Ouverture stratégique du Cambodge à la France | Forum Asie de l’Est
En seulement 13 mois, les relations bilatérales Cambodge-France ont connu une transformation rapide. Le gouvernement du nouveau Premier ministre cambodgien Hun Manet a poursuivi avec rigueur l’ouverture stratégique de son prédécesseur envers la France. Pendant ce temps, sous la présidence d’Emmanuel Macron, la France a adopté le Cambodge, dans le but de renforcer son influence économique, culturelle et diplomatique dans le pays et plus largement dans le bloc de l’ASEAN, dans le cadre de l’orientation de Macron vers l’Indo-Pacifique.

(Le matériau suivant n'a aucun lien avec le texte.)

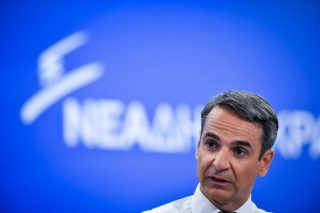 Κρεσέντο λαϊκισμού από τον αρχηγό της Ν.Δ. για τη μεταγωγή Κουφοντίνα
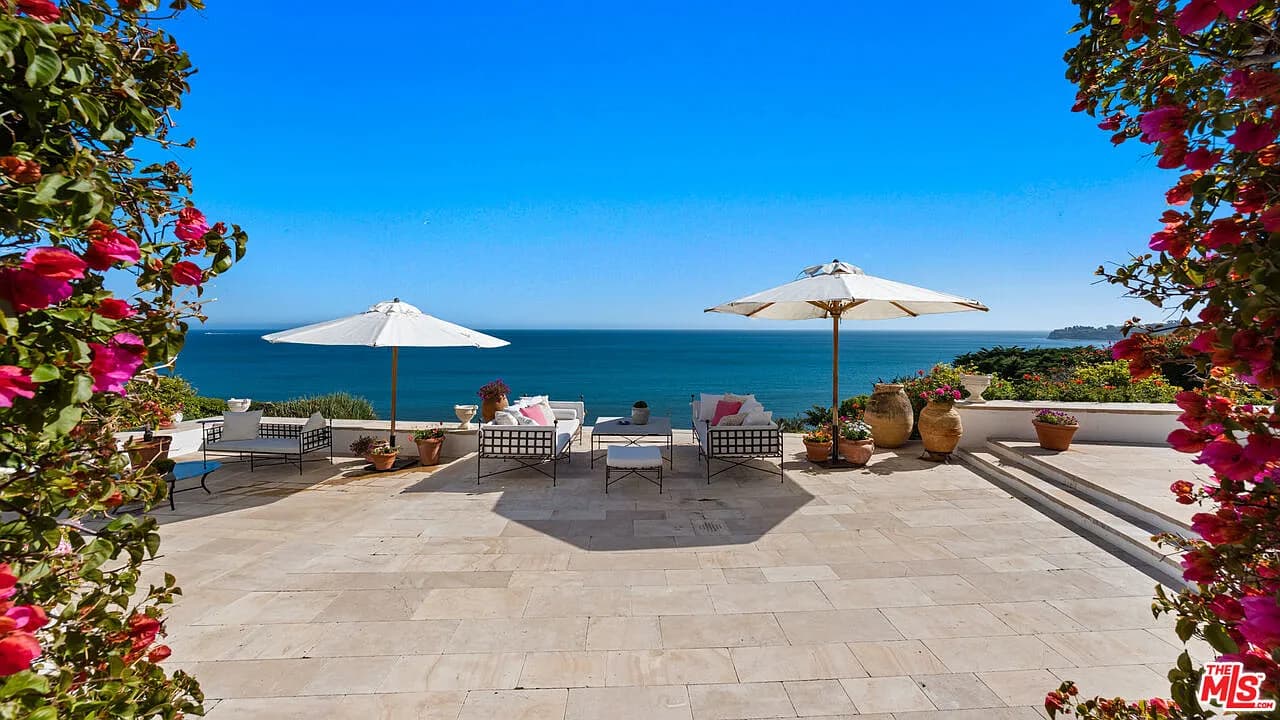Luxury Estate Background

Entre décembre 2022 et janvier 2024, trois visites officielles de dirigeants cambodgiens ont eu lieu en France, dont l’ancien Premier ministre Hun Sen, le roi Norodom Sihamoni et plus récemment le Premier ministre Manet. La France est notamment le premier pays européen que Manet visite officiellement depuis son entrée en fonction en août 2023.
La visite de Manet en France s’est terminée par des engagements des deux côtés à renforcer la coopération en matière de commerce, d’investissement et de défense. La France a exprimé son soutien au plan de neutralité carbone du Cambodge à l’horizon 2050 et les deux pays ont réitéré leur volonté mutuelle d’approfondir les échanges culturels renforcés par leurs liens francophiles.
Mais le résultat le plus significatif de la visite a été un accord visant à renforcer les relations bilatérales visant à les élever à un niveau stratégique. Bien que les détails sur la portée et le calendrier de la mise à niveau stratégique prévue restent à connaître, cette élévation fera de la France le quatrième partenaire stratégique de la France au Cambodge après la Thaïlande, la Chine et le Japon.
Depuis 2021, le Cambodge a fait pression pour une mise en œuvre pangouvernementale de sa stratégie de diplomatie économique (EDS) 2021-2023. La stratégie vise à attirer et à diversifier le commerce mondial, le tourisme et les investissements directs étrangers, avec une nouvelle itération de l’EDS en cours d’élaboration. pour la période 20242028.
Le Cambodge considère la France comme un partenaire européen majeur dans ces efforts. Même si le commerce bilatéral s’élevait à seulement 542 millions de dollars à la fin de 2023, le Cambodge a bénéficié d’un excédent commercial important et renforce ses liens économiques avec la France pour attirer davantage d’investissements du secteur privé dans l’aviation, le tourisme, les chemins de fer, les énergies renouvelables et la technologie numérique. Cela s’est reflété dans les rencontres de Manet avec des entreprises comme le groupe VINCI, TotalEnergies, le groupe Accor et Alstom lors de son voyage à Paris. La France peut servir de pont pour accroître les exportations de produits agricoles et d’habillement cambodgiens vers le marché de l’UE.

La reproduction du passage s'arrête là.